During its 10-day stay in the country, the SPT conducted visits to 32 places of deprivation of liberty in Baja California, City of Mexico, Coahuila de Zaragoza, Guerrero, Morelos, Nuevo León and Veracruz, and held an important number of individual and collective confidential interviews with persons deprived of their liberty.

It also met with authorities, civil society representatives and the National Commission for Human Rights. This allowed the SPT to identify solid findings about the phenomenon of torture and ill-treatment at the moment of detention, transfer and placement of persons deprived of their liberty, which were shared confidentially with the Mexican authorities.

“Mexico is a firm defender of human rights at the international level and it was one of the pioneer States in the adoption of the Optional Protocol to the Convention against Torture. The commitment of Mexico to the prevention of torture was demonstrated during our visit by the excellent cooperation provided by the authorities and the unrestricted and immediate access to the places that we wished to visit in an unannounced manner,” added Mr.

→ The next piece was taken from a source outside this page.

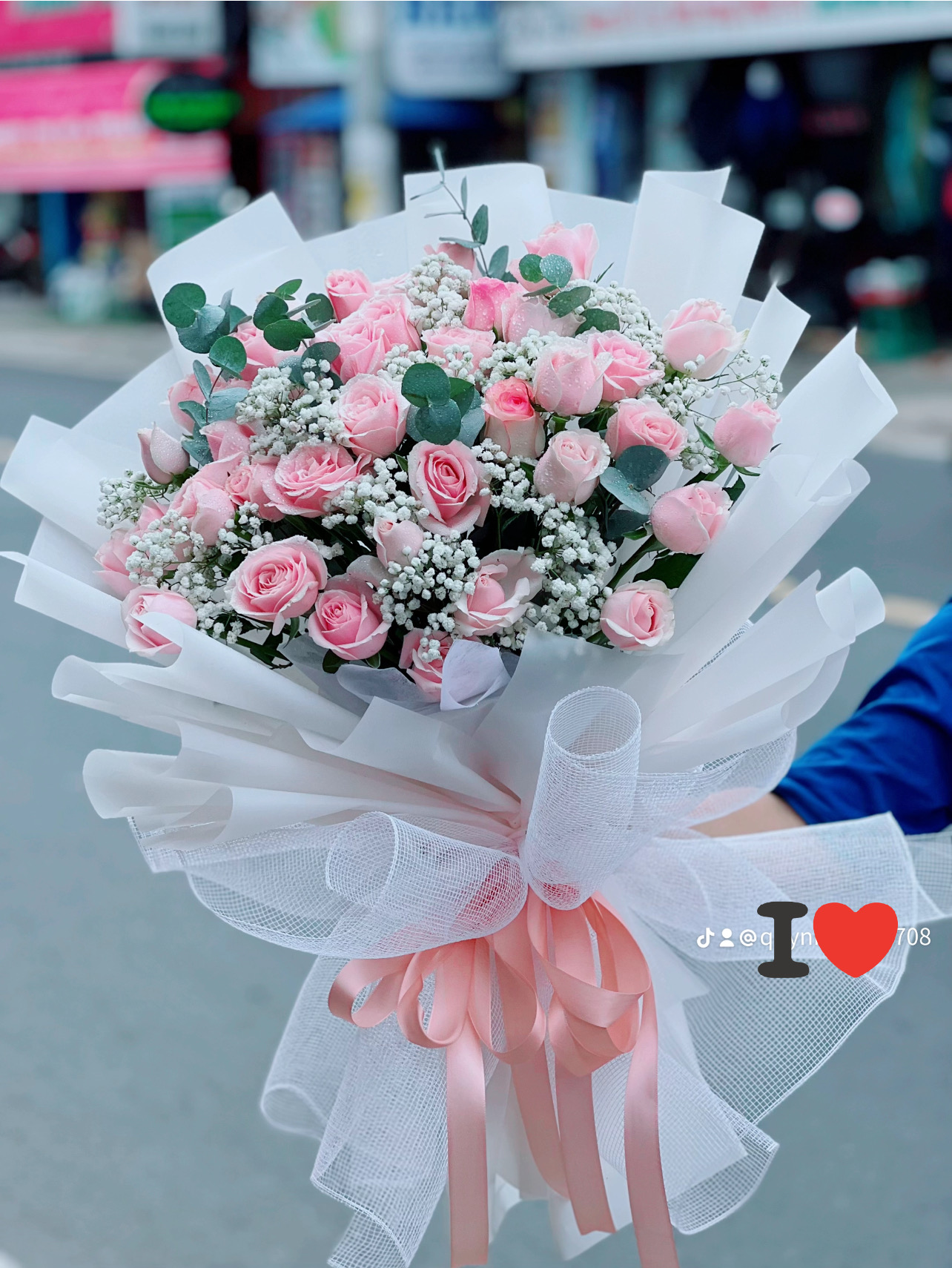 Bó hoa Hồng kem to đẹp giá rẻ nhất Bình Dương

Villavicencio.

The SPT, which visited Mexico from 12 to 21 December, highlighted the importance that the national independent monitoring body, known as a National Preventive Mechanism, is provided with the same unrestricted access when it conducts its visits.

Following the visit, the SPT will submit a confidential report to Mexico, containing its observations and recommendations on the prevention of torture and ill-treatment of persons deprived of their liberty. As with all other States parties to the Optional Protocol, the SPT encourages Mexico to make the report public, as already done following its visit in 2008.

“We hope that our second visit will contribute to the advances in the fight against torture and ill-treatment in Mexico and lead to a greater respect of the rights of persons deprived of their liberty”, – concluded the Head of the delegation.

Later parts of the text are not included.